PersonaGen

A synthetic persona generation API that creates statistically grounded demographic profiles for AI research, testing, and development.

Date
2025
Type
Personal Project
Stack
Next.js (App Router)
TypeScript
PostgreSQL
Tailwind
BetterAuth
Nextra
Bun
Elysia
Drizzle ORM
Railway
OpenRouter
PersonaGen hero page with 'Generate Persona' call-to-action button and empty placeholder showing the 62+ demographic dimensions available for generation.

Project Purpose and Goal

PersonaGen started as a random idea that popped into my head. I thought it had potential and was worth exploring. The concept of creating a primitive building block for GenAI applications felt like something that should exist, even though I wasn't entirely sure how it would be applied or whether it would even prove useful. The idea of programmatically generating statistically grounded personas seemed like an interesting challenge to tackle.

While you could theoretically use GenAI to populate personas, I wasn't happy with two fundamental issues: how long it would take and how 'random' the results would be: there's too much inherent bias in LLM outputs. My north star was creating a system that could generate quick, random personas that felt real and plausible. The technical challenge became building an API that could deliver comprehensive demographic profiles in under 100ms while maintaining statistical accuracy across 60+ dimensions, ensuring each persona felt authentic rather than artificially generated.

  • Next.js (App Router)
  • TypeScript
  • PostgreSQL
  • Tailwind
  • BetterAuth
  • Nextra
  • Bun
  • Elysia
  • Drizzle ORM
  • Railway
  • OpenRouter

Tech Stack and Explanation

I went with Next.js and the App Router since I'm comfortable with the stack and it handles SEO well. Rather than pulling in heavy component libraries, I built a custom Tailwind component system with a neo-brutalist design aesthetic. Better Auth handles the dashboard authentication - I find it more straightforward than Next Auth for this kind of setup.

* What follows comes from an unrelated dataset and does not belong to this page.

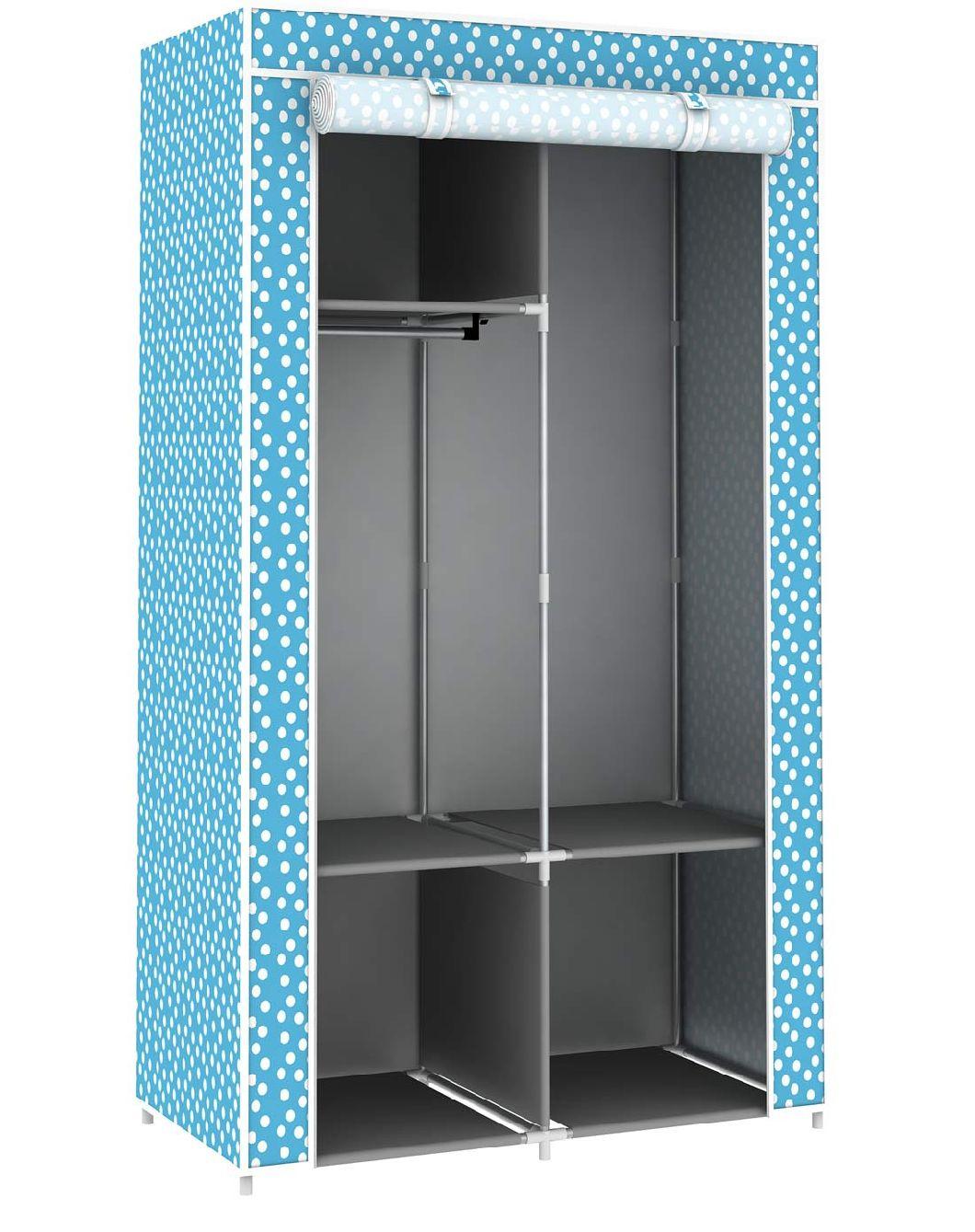 Home Storage and Organizer Non-Woven Iron Tubes Large Capacity Assemble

Nextra let me keep the documentation in the same repo while still getting proper markdown support and a clean interface. The backend uses Elysia and Bun because persona generation processes around 160,000 data point, every bit of performance matters when you're aiming for sub-100ms responses. Drizzle with PostgreSQL handles the data layer, and Railway keeps deployment simple.

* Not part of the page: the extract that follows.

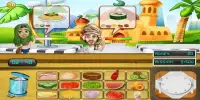 ألعاب الطبخ في المطاعم : جديدة بنات بيتزا حلويات Screen Shot 3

PersonaGen interface displaying a fully generated synthetic persona with complete demographic profile including age, location, psychology, lifestyle, and physical characteristics.

Problems Encountered

The biggest challenge was managing 60+ demographic dimensions while ensuring every combination felt realistic and statistically sound. With so many interconnected variables, it was crucial that personas didn't veer too far from expected demographic patterns when viewed across larger population subsets. This required complex logic and mathematical relationships between dimensions. I can't reveal too much about the methodology, but it involved significant computational work to maintain authenticity at scale.

To augment and validate the data points, I integrated GenAI through OpenRouter, incorporating synthetic data generation where appropriate. This required extensive A/B testing across different LLM models to ensure the output met my quality and integrity standards. After testing 15-20 different models including Qwen, DeepSeek, GPT, Sonnet, and Mistral, I eventually settled on Grok-3-mini for its balance of cost-effectiveness and performance, but finding the right model took considerable experimentation and prompt engineering.

PersonaGen API key generation settings page showing the interface for creating and managing API keys with usage limits and authentication controls.

Lessons Learnt

Working with data at this scale while trying to simulate human demographics showed me just how complex people really are. You could easily drive yourself crazy trying to model every possible correlation and edge case. At some point you have to accept that you're not creating a simulation of the entire world on your laptop. The biggest challenge was knowing when to stop tweaking and call it good enough.

The most rewarding part wasn't solving the technical challenges, but bringing the entire idea to life. I loved creating the branding, building the website, writing comprehensive documentation, and making it feel like a real product. There's something satisfying about taking a random idea and turning it into something polished that others might actually use. I'm excited to see what people do with it.